Sometimes there can be such a thing as being overprepared.
“With the players, I do not believe in starting game-planning longer or more out in front than you would on a normal week,” Georgia Tech coach Brent Key told 680 The Fan on Tuesday. “I’ve just been a part of that where it becomes stale, it becomes mundane and you really kind of forget. You almost go back into (preseason) camp mode. You don’t get the newness of it.”
Thus, Key’s Yellow Jackets have only scratched the surface when it comes to studying Colorado, their season-opening opponent Aug. 29 in Boulder, Colorado. Key did say that he watched all of Colorado’s games from the past two seasons, and that he and his staff have been working on a game plan throughout the summer.
But his players mostly have been focusing on their own playbooks for the past three weeks.

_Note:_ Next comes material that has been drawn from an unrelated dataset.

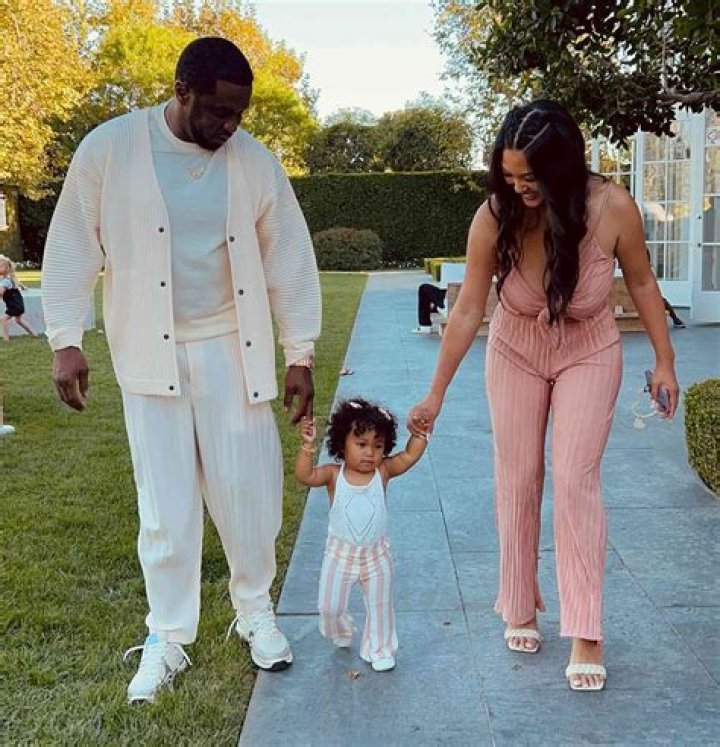 
Davido‘s 4th Baby Mama: I have had enough” – Larissa London Rants 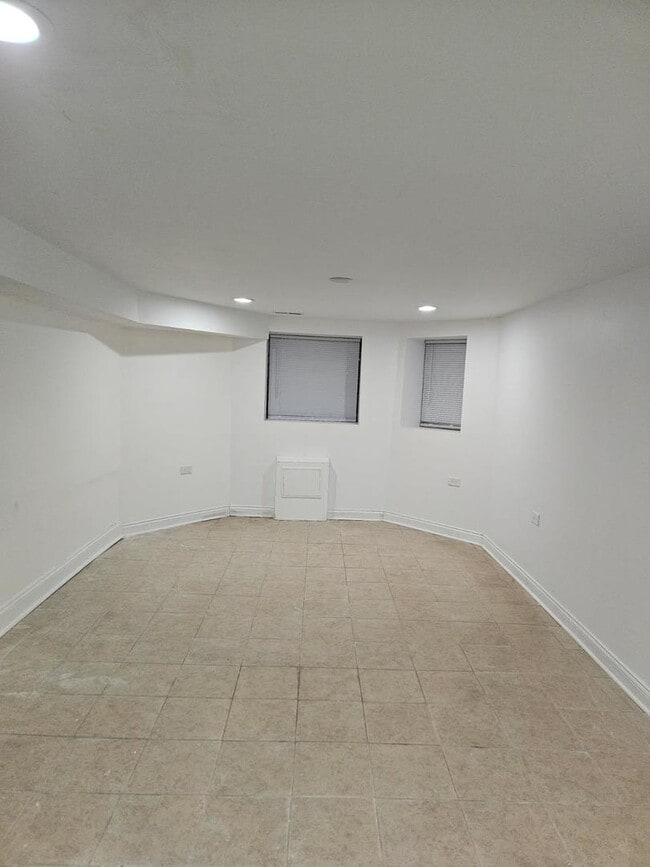 42 N Parkside Ave in Chicago, IL - Building Photo - Building Photo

“We’ll have some teach periods (Tuesday) in practice that will be based on the next opponent,” Key added. “We’ll probably have 40-45 minutes over the next two days, but then Thursday the players will be off and then Friday we’ll jump in and we’ll be rockin’ and rollin’ for Colorado.”
Colorado, coached by Deion Sanders, went 4-8 in 2023 and then 9-4 in 2024 and lost to Brigham Young in the Alamo Bowl. The ’24 team was led by Heisman Trophy winner Travis Hunter, a wide receiver and cornerback, and quarterback Shedeur Sanders, Deion’s son.
Hunter and Shedeur Sanders are now in the NFL and are only two of the many players the Buffaloes lost in the offseason. Colorado has only six returning starters, and according to reports, running back Dallan Hayden already has been ruled out of the game against Tech because of injury.
The Colorado defense, however, often undervalued or overlooked under coordinator Robert Livingston, has caught Key’s eye.
“They’re a fast football team. They’re fast, they play hard,” Key said. “The guys on D-line, regardless of who it is, just schematically they’ve done a good job the last couple years — last year how they improved their defense from Year 1 to 2. The players they play with, they play hard. Schematically, they don’t appear very difficult, but they do some things that are very challenging. You can tell they’re playing for something bigger than just that game.”
This time last year the Jackets were readying to open the season in Dublin, Ireland, against No. 10 Florida State. The anticipation for that matchup is somewhat akin to the one featured at the end of this month, a chance for Tech to take its show on the road to play a Power 4 conference opponent on a nationally televised stage (8 p.m., ESPN).
Tech has not opened a season with a true road game since 2020, when it went to FSU and won 16-13. It hasn’t started the season on the road against a nonconference opponent since going to Notre Dame to start the 2007 season and winning 33-3.
The prevailing sense around the program is that much of the college football world will be watching to see how the Jackets handle this next challenge at a sold-out Folsom Field.
“Just another opportunity for people across the country to see Georgia Tech. And I didn’t say Georgia Tech football. To see Georgia Tech,” Key said. “We feel like we represent the entire school when we’re on TV, when we go and play. That’s why I’m so proud of these kids.”